Adding to that good news was a significant upward revision in the November numbers–from 211,000 new jobs to 252,000–and another 9,000 jobs tacked on to the October report. The Labor Department also noted an increase of 34,000 temporary jobs. This number is considered to be an especially sensitive barometer of future hiring.
Investors were probably more than happy to see an end to the first full week of 2016, the worst opening week in stock market history. Oil prices fell, the Chinese stock market plunged on Monday and did it again Thursday; North Korea tested a bomb of some sort, and Saudi Arabia and Iran fell even further out of love. The unremitting bad news left the Dow and the S&P 500 down around 6% and the Nasdaq even further down from where it had started the year. The markets dropped another 2% this Wednesday and at this writing some analysts are speculating about an official "correction."
There was little hard housing data (by which we mean none) but there are always interesting reports from somewhere. This week it was a report from Black Knight Financial Services about refinancing and Home Equity Lines of Credit (HELOCs).

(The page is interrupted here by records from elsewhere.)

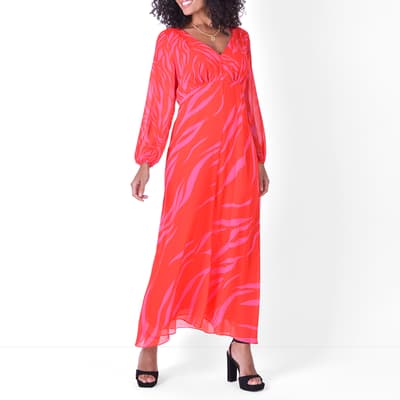 Red/Pink Zebra Print Maxi Dress With Blouson Sleeves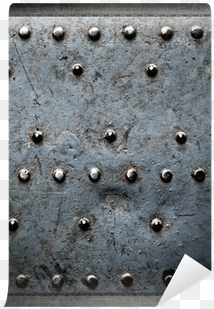 grunge background, metal plate with rivets wall mural - paper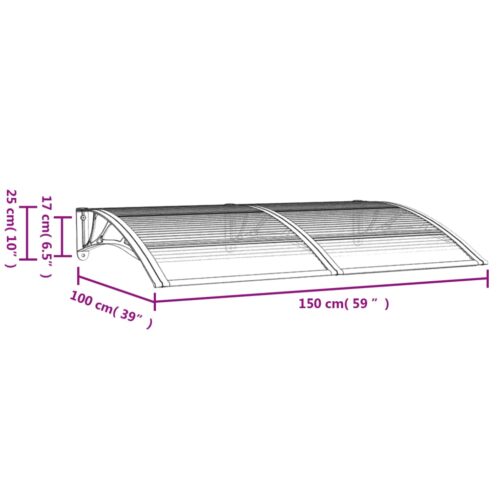 Door Canopy Black 150x100cm Polycarbonate - Image 6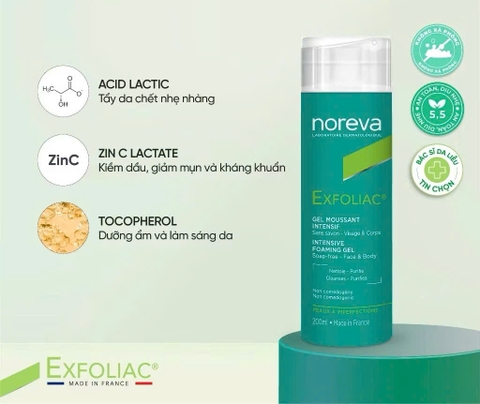 NOREVA sữa rửa mặt cho da dầu mụn NOREVA EXFOLIAC INTENSIVE FOAMING GEL 200ML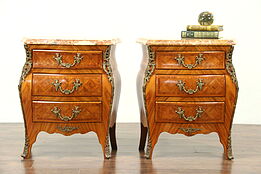 Pair of Italian Rosewood Marquetry Marble Top Chests, End Tables or Nightstands
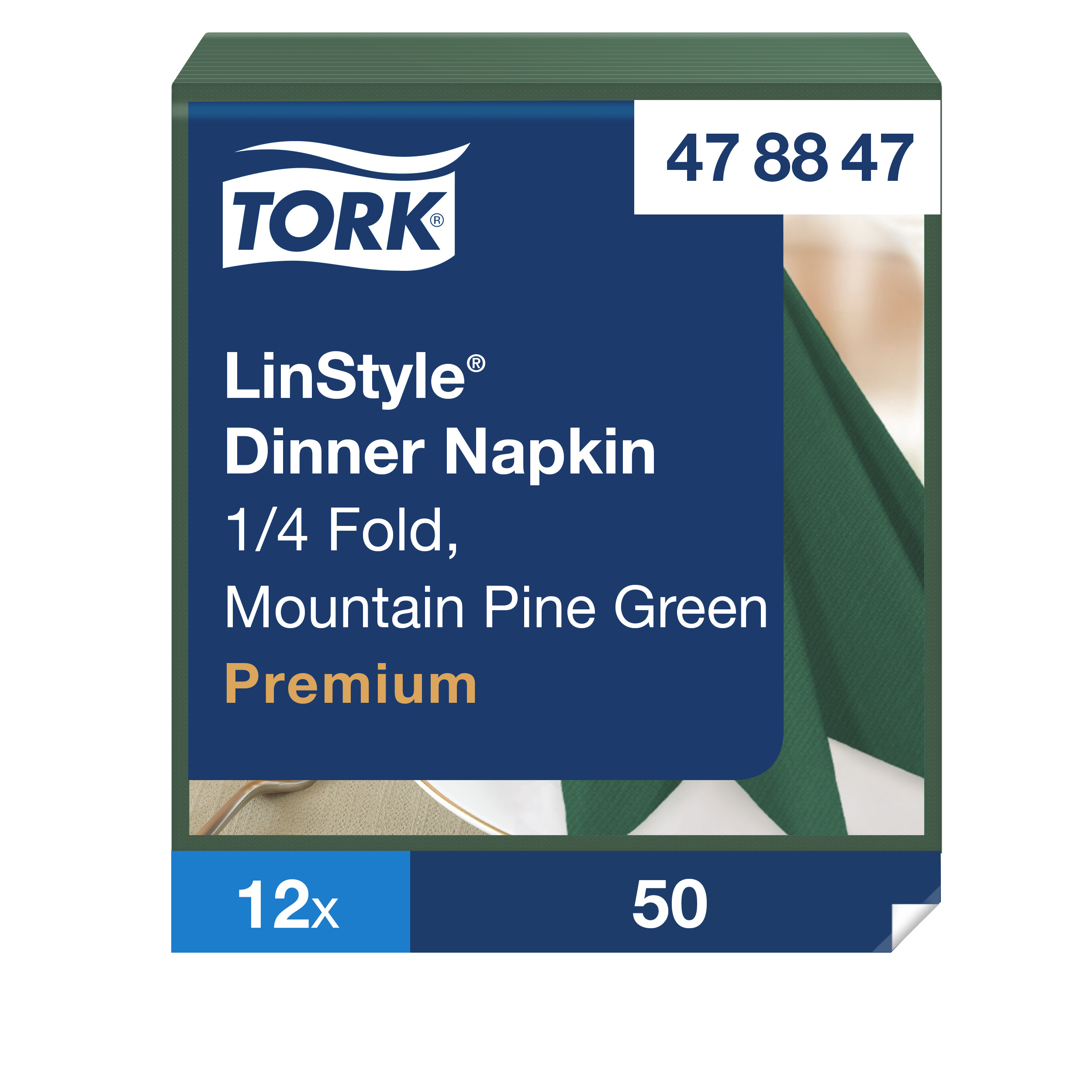 Tork LinStyle® Dinnerservietten Piniengrün, 1/4‑Falz, 39 cm × 39 cm, 12 × 50 Servietten, 478847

After plunging home prices left many homeowners without equity, refinancing over the last five or six years was mainly about locking in lower rates. In the last year however, cash-out refinancing has come back. Freddie Mac says one-third of refinances in 2015 through the third quarter were into loans at least 5% larger than the loans replaced, up from a quarter during the same period in 2014 and the share has grown every quarter. Now Black Knight notes that HELOCs are also making a comeback, up 35% for the first 11 months of 2015 compared to the previous year.
Some might be alarmed about a return to the concept of homes as piggy banks but both borrowers and lenders seem to be doing it cautiously. The report notes that combined loan-to-value ratios average 66%, 10 points lower than before the crash and 70% of FICO scores exceed 760. Also, while homeowners are signing up for historically large lines of credit, utilization remains low. In other words, while they could borrow a lot of money, so far they haven't.